Uma ironia é que os romanos tenham adotado a estrutura grega, substituindo as divindades por equivalentes latinos, que já possuíam raízes na cultura local. Zeus virou Júpiter e, no Brasil, Edson Fachin.

O nosso Alexandre de Moraes seria, na Grécia, o Deus da Guerra, Ares, e, em Roma, Marte.

Dias Toffoli poderia agora ser chamado de Poseidon ou Netuno, Deus dos Mares e dos Terremotos.

Pela primeira vez, o Olimpo está ameaçado e vivendo um terremoto sem precedentes.
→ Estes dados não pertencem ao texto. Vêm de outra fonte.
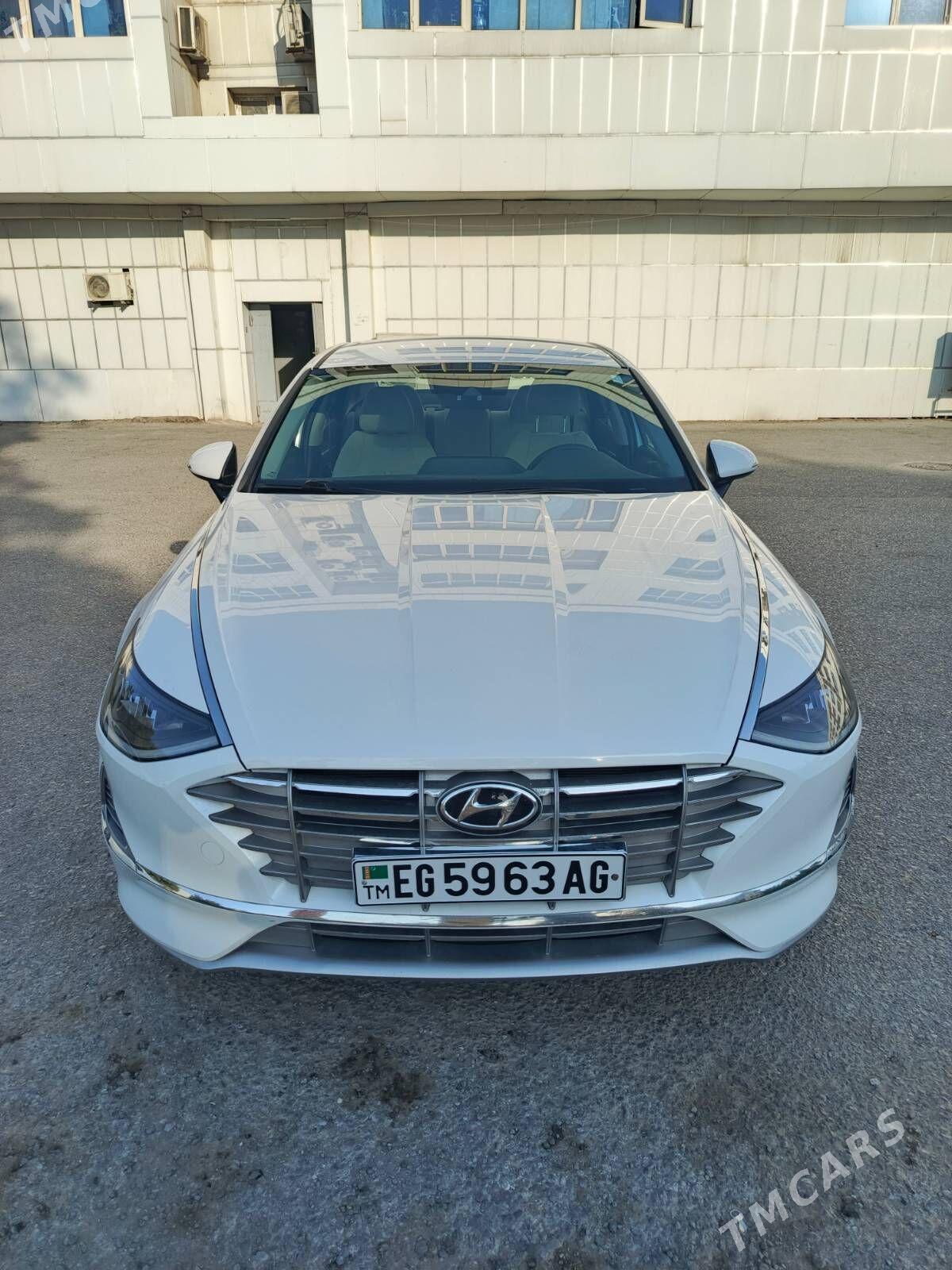 Hyundai Sonata 2022 - 250 000 TMT - 8 mkr - img 2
Um master terremoto que abala especialmente o lado que reverenciou e se beneficiou do seu Olimpo vermelho.

A crise do STF pega de proa os atuais ocupantes do Palácio do Planalto. Quem foi o autor da volta de Lula ao jogo político? Quem amordaçou a direita na campanha de 2022? Quem colocou nas grades o principal adversário de Lula, o ex-presidente Jair Bolsonaro? O atual quadro da maioria do Olimpo do STF tem a cara, as cores e a imagem dos deuses eleitos nos governos petistas.

Ao abalar a imagem do STF, uma crise que irá se alastrar por semanas e meses, o processo eleitoral da reeleição de Lula fica comprometido por um fato surpreendente e inesperado.

O protagonismo de Dias Toffoli tem como ironia o seu DNA no PT; o mesmo ocorrendo com Édson Fachin com DNA no MST; Flávio Dino como ex-ministro do Lula 3; Cristiano Zanin como advogado e defensor do próprio Lula; e até o ministro aposentado do STF, Ricardo Lewandowski, está contaminado com esta crise.

A contaminação do Planalto é indiscutível, somando as ligações de Augusto Lima com os ministros Rui Costa e Sidônio Palmeira, além do líder do governo no Senado, Jaques Wagner.

A eleição para o Senado vai virar um plebiscito a favor ou contra o Supremo que sangra.

Se Dias Toffoli renunciar, caberá a Lula o direito de uma nova indicação para o Olimpo brasileiro. Esta crise atropela também este estágio de nomeações. O caso da indicação de Jorge Messias também é atestado por ela.

Neste cenário hostil, os ministros André Mendonça, Kassio Nunes Marques e Luiz Fux ficam em outro plano, bem longe da contaminação petista, o mesmo ocorrendo com Cármen Lúcia e Gilmar Mendes, este último com uma observação diferenciada por ser decano e ter convivido com outros integrantes do Olimpo.

Só um "Deus" pode matar outros deuses e o cenário é de Olimpo que sangra, colorindo de vermelho um solo que deveria ser sagrado.

O terremoto é forte e balança as colunas do Planalto e do Alvorada ameaçando os mortais que estão abrigados nesses Palácios até o final de dezembro de 2026.

A nota divulgada na quinta, 12, assinada por todos os ministros e defendendo Toffoli, demonstra que o Olimpo está junto. Resultado de uma reunião fechada que defendeu a imortalidade dos seus participantes. Afinal, só um ministro pode causar a outro membro do Olimpo.